A (finite) graph is odd if all its vertices have odd degrees. The principal aim of this survey is to present the current state of research on covers and decompositions of graphs into fewest possible number of odd subgraphs.

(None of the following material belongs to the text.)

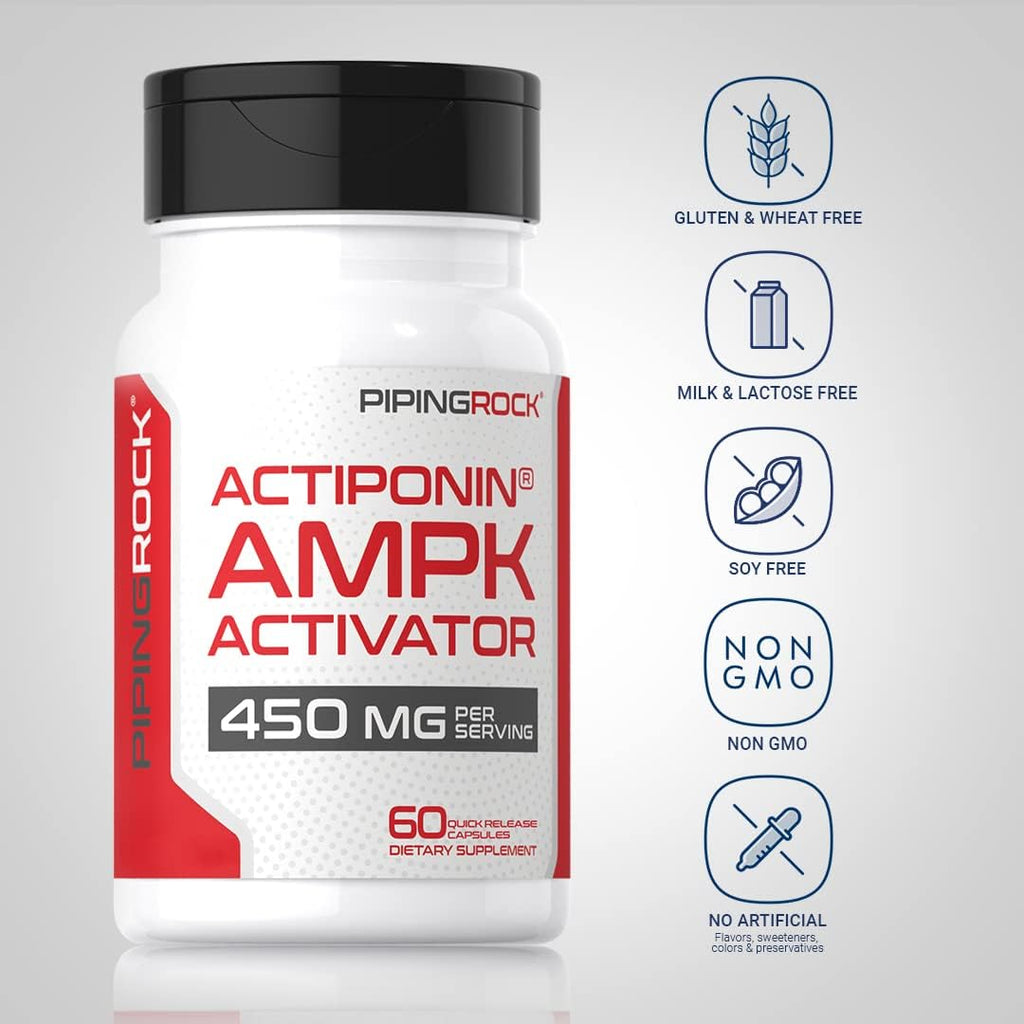 Piping Rock Activador Metabólico AMPK | 450 mg | 60 Cápsulas | Actiponin® | Extracto de Gynostemma Pentaphyllum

Given a graph $G$, the parameters ${\chi }_o^{\prime }\left(G\right)$ and ${\mathrm{cov}}_o\left(G\right)$ denote, respectively, the minimum size of a decomposition and cover of $G$ consisting of odd subgraphs. Pyber (1991) and Mátrai (2006), respectively, have shown that for every simple graph $G$ it holds that ${\chi }_o^{\prime }\left(G\right)\le 4$ and ${\mathrm{cov}}_o\left(G\right)\le 3$, with both bounds being sharp. The multigraph analogues of the same inequalities, given by the present authors in 2018 and 2019, respectively, are discussed in detail. The list versions of the graph parameters ${\chi }_o^{\prime }\left(G\right)$ and ${\mathrm{cov}}_o\left(G\right)$, along with other generalizations and possible new directions of related research, are considered in the latter part of the article. Throughout we also pose various structural and algorithmic questions and problems.

如果一个（有限）图的所有顶点都具有奇数度，则它是奇数。这项调查的主要目的是介绍图的覆盖和分解到最少可能的奇数子图数量的研究现状。给定图$G$，参数 ${\chi }_{Ø}^{\prime }（G）$ 和 ${\mathrm{冠状病毒}}_{Ø}（G）$ 分别表示分解的最小大小和 $G$由奇数个子图组成。Pyber（1991）和Mátrai（2006）分别表明，对于每个简单图$G$ 它认为 ${\chi }_{Ø}^{\prime }（G）\le 4$ 和 ${\mathrm{冠状病毒}}_{Ø}（G）\le 3$，两个边界都非常清晰。本作者分别于2018年和2019年给出的具有相同不等式的多图类似物进行了详细讨论。图形参数的列表版本${\chi }_{Ø}^{\prime }（G）$ 和 ${\mathrm{冠状病毒}}_{Ø}（G）$在本文的后半部分中，我们将结合其他概括和相关研究的可能新方向进行研究。在整个过程中，我们还提出了各种结构和算法问题。